In [None]:
!pip install -q kagglehub tensorflow matplotlib scikit-learn


In [None]:
import os
import numpy as np
import tensorflow as tf
from tensorflow import keras
from tensorflow.keras import layers
from tensorflow.keras.applications.resnet50 import preprocess_input
import matplotlib.pyplot as plt
from sklearn.metrics import classification_report, confusion_matrix
import kagglehub


In [None]:
gpus = tf.config.list_physical_devices('GPU')
if gpus:
    for gpu in gpus:
        tf.config.experimental.set_memory_growth(gpu, True)
    print("✅ GPU detected")
else:
    print("⚠️ GPU not found")


✅ GPU detected


In [None]:
dataset_path = kagglehub.dataset_download("sumn2u/garbage-classification-v2")
data_dir = dataset_path
print("Dataset path:", data_dir)


Using Colab cache for faster access to the 'garbage-classification-v2' dataset.
Dataset path: /kaggle/input/garbage-classification-v2


In [None]:
from PIL import Image

def clean_dataset(root_dir):
    valid_ext = (".jpg", ".jpeg", ".png", ".bmp")
    removed = 0

    for root, _, files in os.walk(root_dir):
        for file in files:
            path = os.path.join(root, file)

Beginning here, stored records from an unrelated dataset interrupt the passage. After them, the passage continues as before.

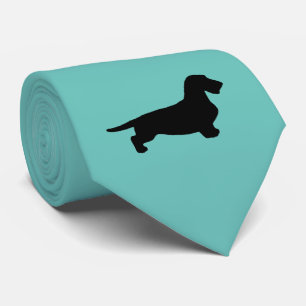Dachshund Rough Hair - Silhouette 1 Neck Tie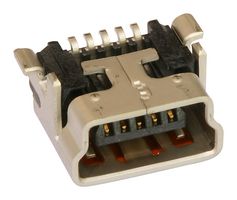 MOLEX 51387-0530 USB Connector, Mini USB Type B, USB 2.0, Receptacle, 5 Ways, Surface Mount, Right Angle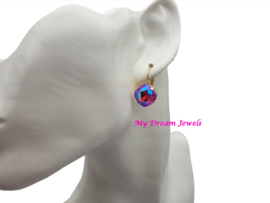 Oorbellen Square met Swarovski Fuchsia Blue AB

            if not file.lower().endswith(valid_ext):
                os.remove(path)
                removed += 1
                continue

            try:
                img = Image.open(path)
                img.verify()
            except:
                os.remove(path)
                removed += 1

    print(f"Removed {removed} corrupted / invalid files")

clean_dataset(data_dir)


Removed 0 corrupted / invalid files


In [None]:
SEED = 42
IMG_SIZE = (256, 256)
BATCH_SIZE = 32

train_ds = tf.keras.utils.image_dataset_from_directory(
    data_dir,
    validation_split=0.2,
    subset="training",
    seed=SEED,
    image_size=IMG_SIZE,
    batch_size=BATCH_SIZE
)

temp_ds = tf.keras.utils.image_dataset_from_directory(
    data_dir,
    validation_split=0.2,
    subset="validation",
    seed=SEED,
    image_size=IMG_SIZE,
    batch_size=BATCH_SIZE
)

class_names = train_ds.class_names
NUM_CLASSES = len(class_names)

temp_batches = tf.data.experimental.cardinality(temp_ds).numpy()
val_ds = temp_ds.take(temp_batches // 2)
test_ds = temp_ds.skip(temp_batches // 2)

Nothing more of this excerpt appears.